Гудрун и не подозревала о его чувствах, он казался тихим и дружелюбным, как всегда. И его доброжелательность даже пробудила в ней желание сделать ему больно.
Она вошла в его комнату, когда он уже наполовину разделся. Она не заметила злорадной, торжествующей усмешки, в которой читалась неподдельная ненависть, когда он посмотрел на нее. Она стояла у двери, не снимая руки с ручки.
– Я тут подумала, Джеральд, – сказала она с ошеломляющей беззаботностью, – я никогда не вернусь в Англию.
– О, – сказал он, – а куда же ты направишься?
Но она оставила его вопрос без ответа. Ей хотелось сделать свои логические заключения, и ей хотелось, чтобы все было так, как задумала она.
– Я не вижу смысла возвращаться, – продолжала она. – Между нами все кончено… – она помедлила, думая, что он что-нибудь скажет. Но он молчал. Он только говорил про себя: «Кончено, да? Пожалуй, что так. Но не закончено. Помни, ничего не закончено. Нужно положить этому конец. Должно быть заключение, некий финал».
Так говорил он про себя, а вслух он не произнес ни слова.
– Что было, то было, – продолжала она. – Я ни о чем не жалею. Надеюсь, и ты ни о чем не жалеешь…
Она ждала, что он все же заговорит.
– О, я ни о чем не жалею, – с уступчивым выражением сказал он.
– Ну и прекрасно, – отозвалась она, – прекрасно.
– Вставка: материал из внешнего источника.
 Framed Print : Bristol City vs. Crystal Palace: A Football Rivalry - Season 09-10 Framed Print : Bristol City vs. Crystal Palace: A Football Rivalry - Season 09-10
Никто из нас не затаил обиды на другого, все так, как и должно быть.
– Именно так, – рассеянно подтвердил он.
Она помедлила, пытаясь вспомнить, что хотела сказать.
– Наши попытки провалились, – сказала она. – Но мы можем попытаться вновь, в другом месте.
По его телу пробежала искра ярости. Казалось, она возбуждала его чувства, хотела пробудить в нем раздражение. Зачем она это делает?
– Какие еще попытки? – спросил он.
– Быть любовниками, полагаю, – сказала она, слегка опешив, но в то же время она сказала это так, что все это предстало совершенно заурядным делом.
– Наша попытка быть любовниками провалилась? – повторил он вслух.
А про себя он говорил: «Я должен убить ее здесь. Мне осталось только это, убить ее».
Тяжелое, страстное желание лишить ее жизни захватило его. Она же и не подозревала об этом.
– А разве нет? – спросила она. – Ты считаешь, что она удалась?
И вновь этот оскорбительно-легкомысленный вопрос огнем пробежал по его жилам.
– Наши отношения могли бы сложиться, – ответил он. – Все могло бы получиться.
Но прежде, чем закончить последнюю фразу, он помолчал. Даже когда он начинал говорить, он не верил в то, что собирался сказать. Он знал, что их отношения никогда бы не сложились удачно.
– Да, – согласилась она. – Ты можешь любить.
– А ты? – спросил он.
Ее широко раскрытые, наполненные мраком глаза, пристально смотрели на него, словно две темные луны.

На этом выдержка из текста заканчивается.